Some taxes, like a sales or property taxes, are direct. Others, like the cost of mandated programs or the killing of cheap electricity are called an “energy tax”.
“That’s the premise undergirding new research from the nonprofit Next 10 and UC Berkeley, which found that at least half of California’s electricity rates cover costs well beyond the direct price of supplying electricity to our homes — something researchers called an “energy tax.”
Instead, the study found, this tax, which accounts for half to two-thirds of residents’ electricity rates, is going toward covering the cost of a warming world. This includes climate adaptation measures like wildfire mitigation, maintaining transmission lines, hardening the grid against extreme weather events, and social programs to assist low-income residents.”
This is why California is in the top three most heavily taxed States category. Newsom is working hard to make it number one. Why? So, more people can move out, leaving room for his preferred resident, illegal aliens.
California’s high energy prices could cost the state its climate goals
By Jessica Wolfrom, SF Examiner, 9/22/22
California’s climate goals rely heavily on the rapid electrification of cars and buildings, but as the costs of electricity continue to climb, there’s growing concern that residents will be unwilling to make the switch.
That’s the premise undergirding new research from the nonprofit Next 10 and UC Berkeley, which found that at least half of California’s electricity rates cover costs well beyond the direct price of supplying electricity to our homes — something researchers called an “energy tax.”
Instead, the study found, this tax, which accounts for half to two-thirds of residents’ electricity rates, is going toward covering the cost of a warming world. This includes climate adaptation measures like wildfire mitigation, maintaining transmission lines, hardening the grid against extreme weather events, and social programs to assist low-income residents.
And while such programs are critical for the future, researchers argue if ratepayers are left footing the bill, it could have a chilling effect on people’s desire to make the all-electric switch — imperiling California’s climate goals.
“If you’re thinking about buying an EV or you’re thinking about putting in a heat pump, if electricity costs a fortune, then that disincentivizes you,” said Severin Borenstein, an energy economist at UC Berkeley and co-author of the new study.
Not only that, but as climate change accelerates the ferocity and duration of wildfires, heatwaves and drought, the price of electricity will continue to rise as utilities scramble to shore up infrastructure, further dissuading people from going all electric, said Borenstein.
The research comes at a moment when historic investments in climate action are coming from both state and federal government coffers.

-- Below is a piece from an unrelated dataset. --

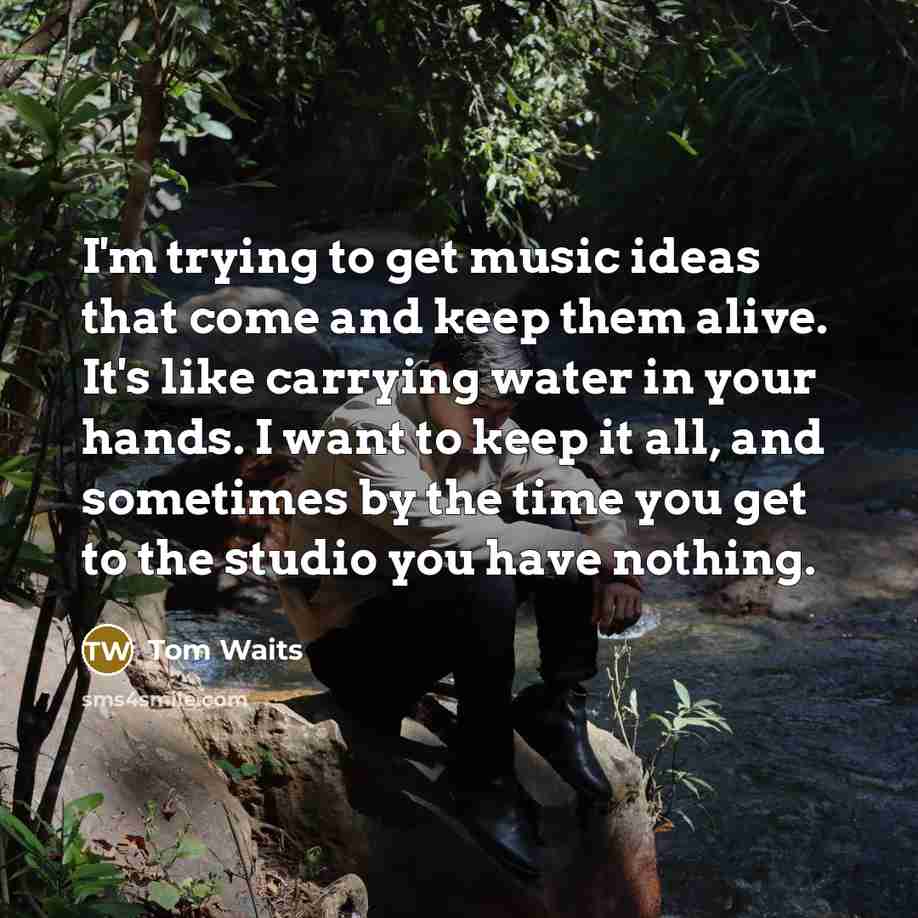 “I'm trying to get music ideas that come and keep…” quote by Tom Waits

Earlier this month, California announced $54 billion funding for climate policies to slash pollution and hasten the state’s transition to clean energy.
The state moved to ban the sales of new gas-powered cars and light trucks by 2035. And on Thursday, the state’s air resources board voted to approve a plan that would prohibit the sale of natural gas heaters in commercial and residential buildings by 2030, inching the state closer to full-scale electrification.
The spending builds on the passage of the Biden administration’s Inflation Reduction Act, which set aside $370 billion toward climate action, with a sizable portion incentivizing the adoption of all-electric vehicles, appliances and buildings.
But these incentives will work only if the cost of that power is affordable, the new research points out.
“The report suggests that we have a real problem here,” said Borenstein. He said that even the installation of EV charging stations is being folded into the price of electricity. So while the government subsidizes the upfront cost of an electric car, paying to charge it could be prohibitive.
Moving around costs
But funding energy transition also represent a major opportunity to rethink how electricity prices are structured, said Borenstein. The report lays out two leading solutions to dramatically shift how the state funds electrification so that it’s not loaded onto ratepayers.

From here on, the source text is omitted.